In late May 2015, Islamic State forces captured Palmyra and the surrounding countryside after a large offensive.

== Islamic State takeover ==
On 5 August, the Islamic State captured the town of al-Qaryatayn. This resulted in the deaths of 40 Syrian soldiers and 27 Islamic State militants. It was reported that Islamic State use deserts of Homs as launchpad for the attack on Al Qaryatayn and the master mind of this operation was an Islamic State Emir known as Abu Hassan Al-Khatami. Abu Hassan was killed in the battle and Islamic State renamed the battle after him as Battle of Abu Hassan Al Khatami in order to pay tribute to his services to the Islamic State.

== Aftermath ==
On 6 August, The Islamic State group abducted 230 civilians, including at least 60 Christians from Al-Qaryatayn. Islamic State later advanced even further, capturing Mahin and Huwwarin by 8 August, thus pushing hundreds of Christians to flee persecution. However, the Syrian military recaptured Mahin later after intense airstrikes and ground force attack that killed 20 IS fighters.

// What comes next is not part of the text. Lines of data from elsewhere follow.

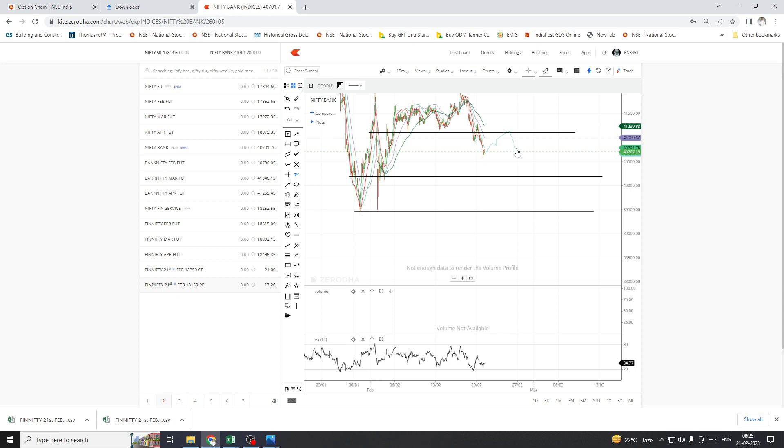So I am expecting the market to move morning some little bit up direction and then down direction. This is for Bank Nifty. Hi guys, all the best. Thank you, thank you for watching.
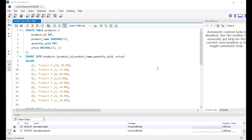Hello everyone. In this video you are going to learn about right join in SQL. In my previous videos I have explained about inner join and left join. Inner join allows you to retrieve matching records from two tables, and right join allows you to retrieve all records from the right table and matching records from the left table. If there is no matching found in the left table, then it returns null.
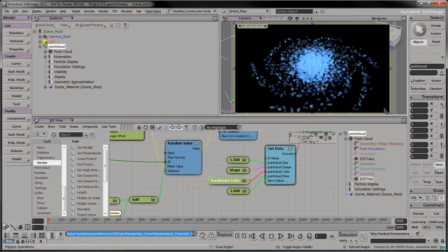You should now have a basic idea of how to use ice with a bit of math to create and animate your own particle systems.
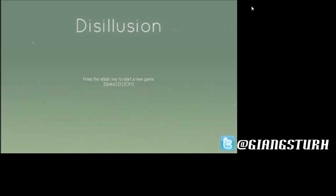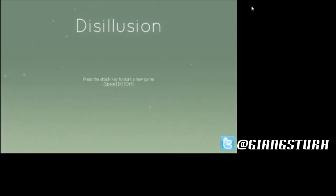Alright everyone, hello and welcome back to Disillusion. Last video I did of this, it was an awesome game. And I used a different program too, but let's see what I can do this time.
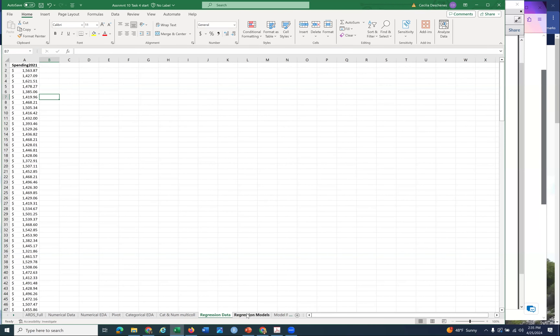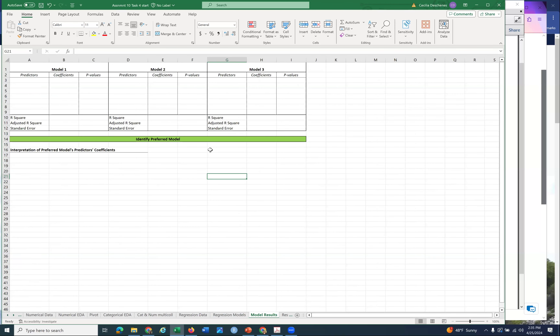Then go to the model results tab and put in your identified top three models - predictors, coefficients, and p-values. Get the goodness-of-fit statistics: R-squared, adjusted R-squared, and standard error. This is where you do the head-to-head competition to figure out your top preferred model. For that top preferred model, interpret the coefficients on the predictors using the units the coefficients represent as rise over run - the rise is dollars spent in 2021, and how much it goes up based on a one unit increase in that predictor.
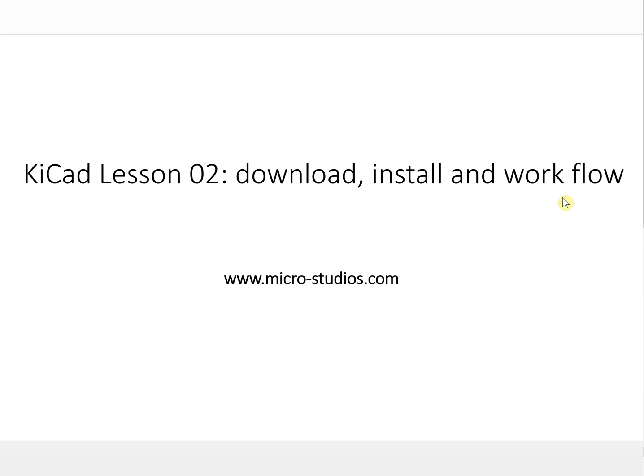That's it. This is Michael, and see you next time.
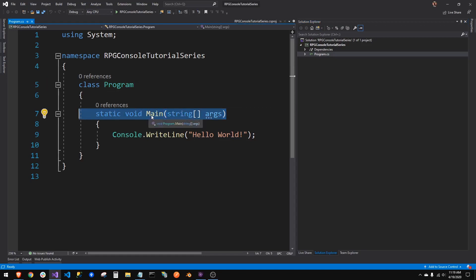So here we have our main class called program, and this is our starting entry for every program. Every program must have a single starting entry point named main. That is what the backing system that builds what we write into a program is looking for. A static entry point called main. So here, we can see it right here in front of us.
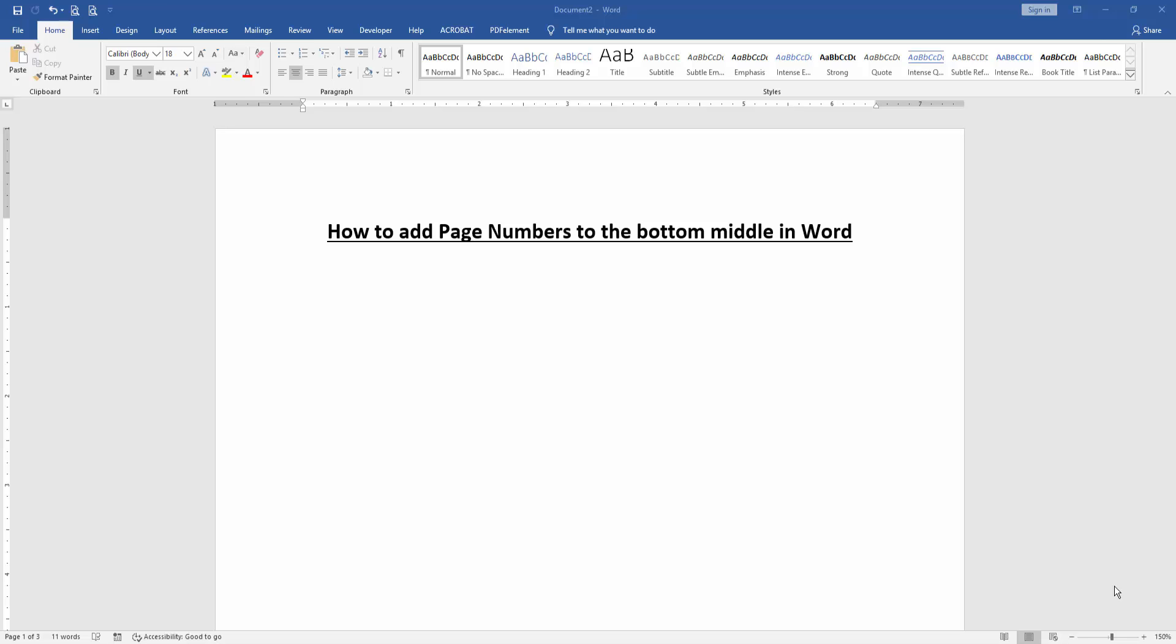Hello friends, welcome back to another video. In this video I am going to show you how to add page numbers to the top, bottom, or middle in Microsoft Word. Let's get started.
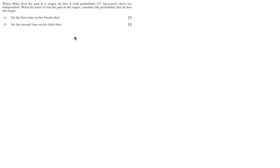When Mike fires his gun at a target, he hits it with a probability of 0.7. Successive shots are independent. When he starts to fire his gun at the target, calculate the probability that he hits the target for the first time on his fourth shot.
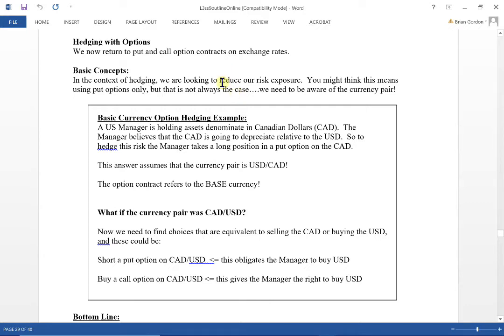Now we're going to look at hedging with options. On the exam, if they say something like they want downside protection, upside potential, or they want something which is contingent, we're talking about options as opposed to futures or forwards where we're locked in.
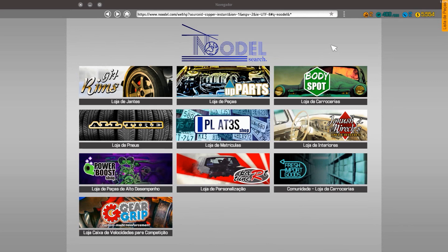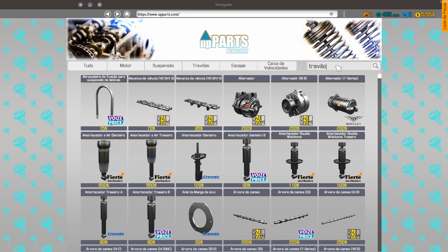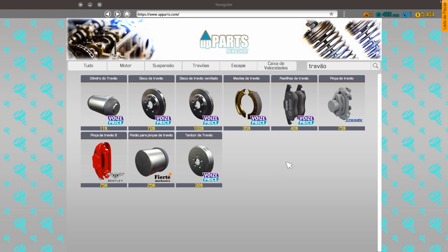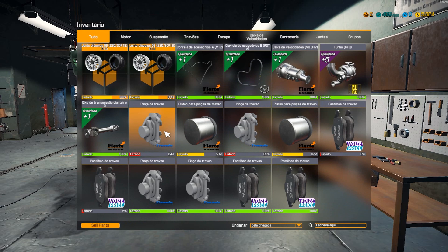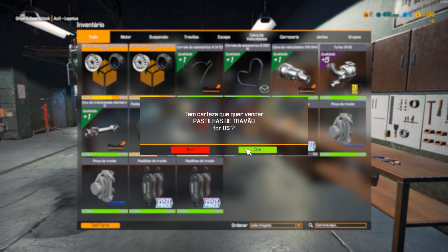1.2mm, 1.1mm, 2.1mm, 2.1mm, 3.3mm, 4.1mm, 4.1mm, 5.1mm, 5.2mm, 6.1mm, 6.1mm, 6.1mm, 6.2mm, 6.1mm, 6.1mm, 7.2mm, 7.2mm, 8.2mm, 7.3mm, 8.2mm, 9.3mm, 10.5mm, 10.5mm, 9.3mm, 10.9mm, 10.3mm.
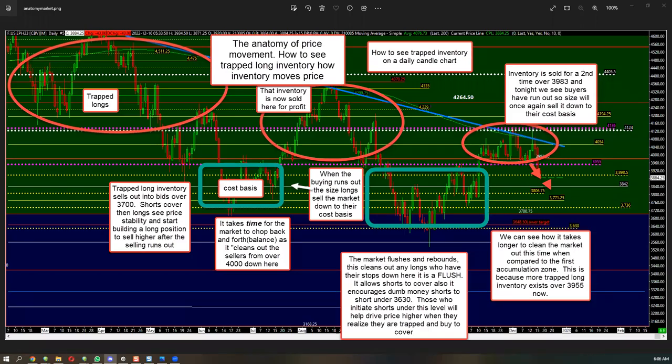Good morning, everyone. JJ at Microview Futures here. I'm going to do this video to help people figure out how to see things like inventory using a candlestick chart. This is really the basics of how markets work.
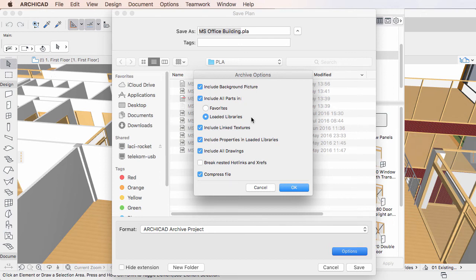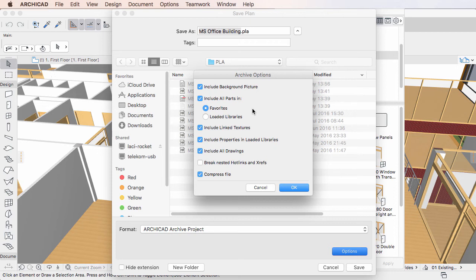The Favorites option is a new option in ARCHICAD 20. When you select it, only those library parts will be saved as part of the ARCHICAD Archive Project file that are referenced by one or more Favorites.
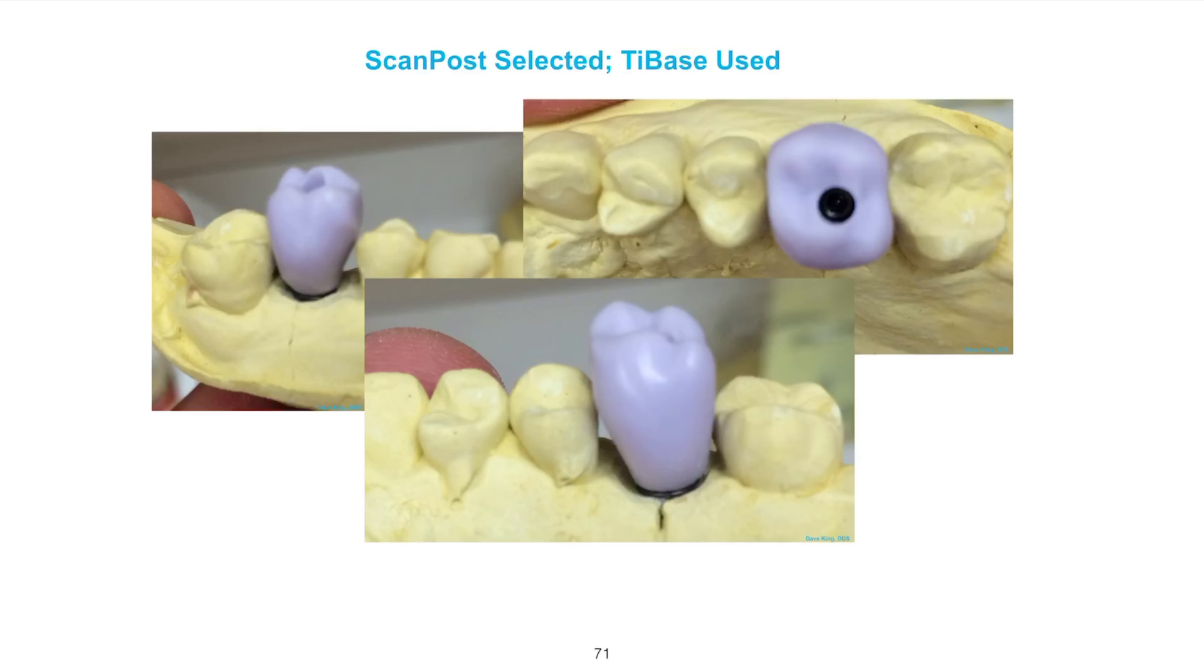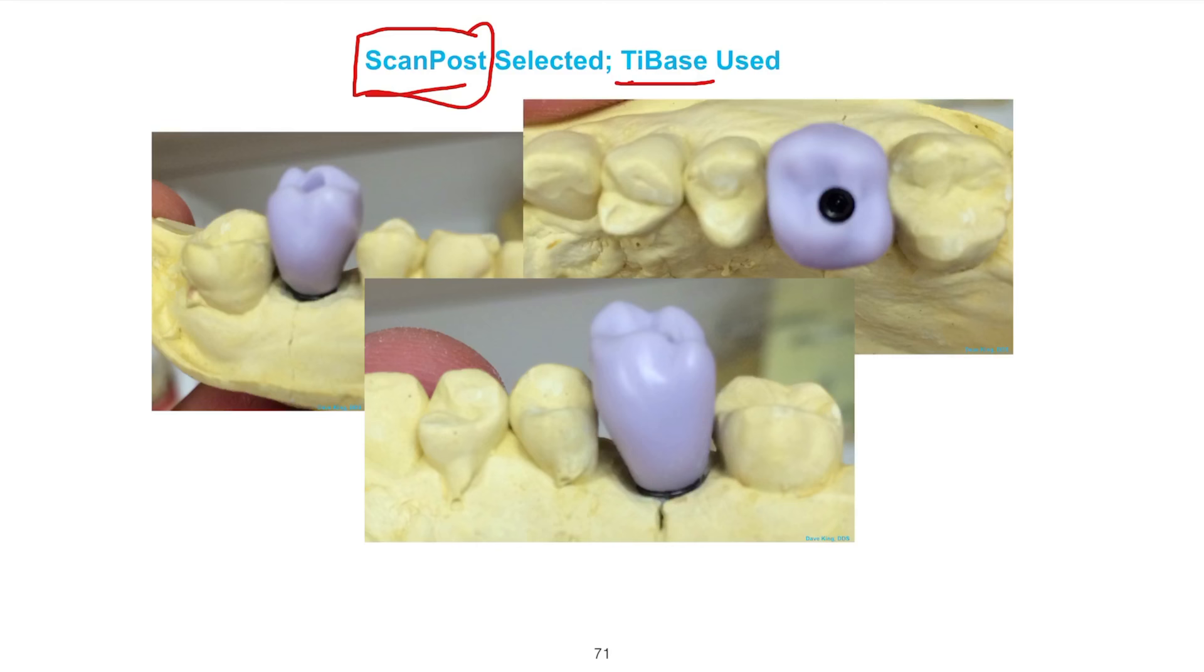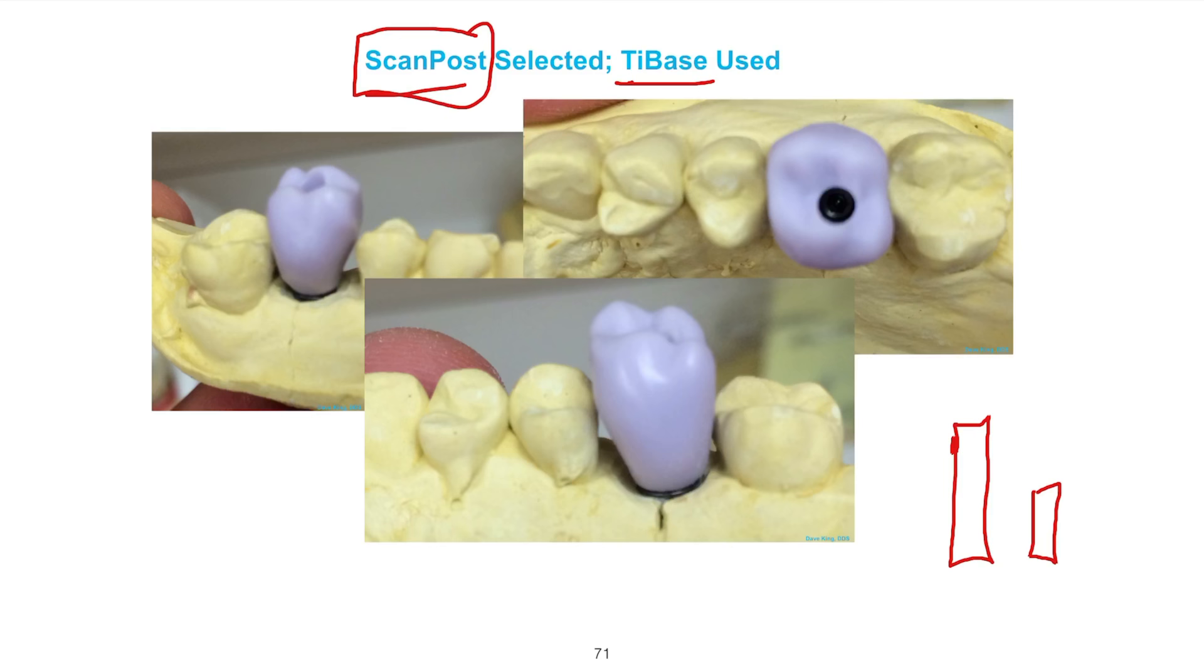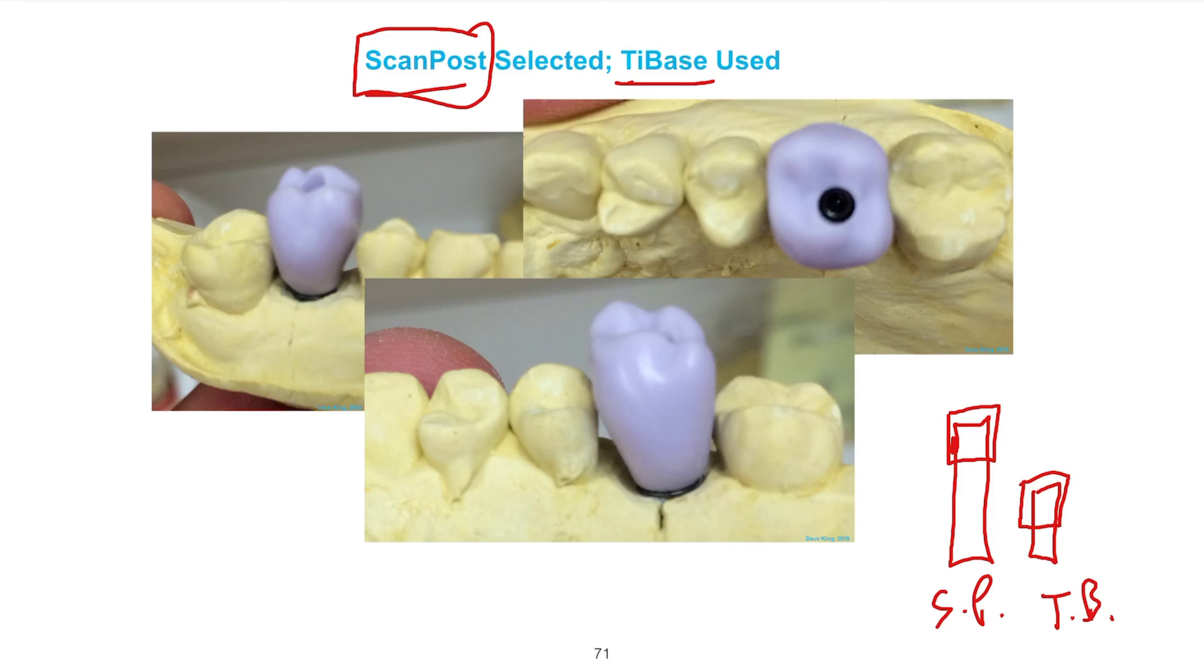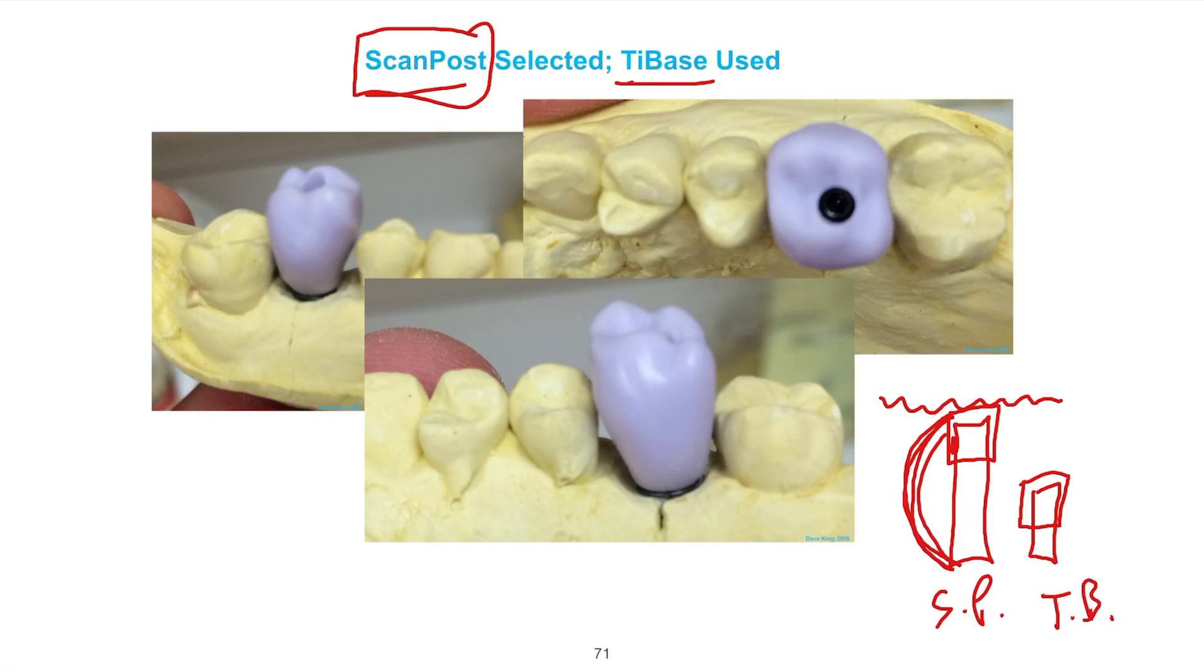In reference to using a scan post or a tie base, make sure that you select whether using a tie base or a scan post. The previous version of the software would default to the scan post. If you didn't select scan post and used a tie base, you would end up with a restoration that was way too tall. I did this more than once. The scan post is much taller than the tie base. You put a scan body on top of it.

On 9 August, the SAAF bombed Islamic State positions in al-Qaryatayn, resulting in the deaths of around 30 Islamic State fighters as well as the destruction of seven vehicles and a rocket depot, according to governmental sources. On 13 August, SOHR reported fierce fighting between the SAA and Islamic State fighters in the area between al-Qaryatayn and Mahin and Huwwarin, when the Islamic State attempted to advance towards the two towns. The Islamic State briefly managed to capture both Mheen and Hawwarin west of Al-Qaryateyn city on 31 October in an attempted general offence on Sadad, before losing this territory 22–23 November.

The SAA later recaptured al-Qaryatayn in the Battle of al-Qaryatayn (2016).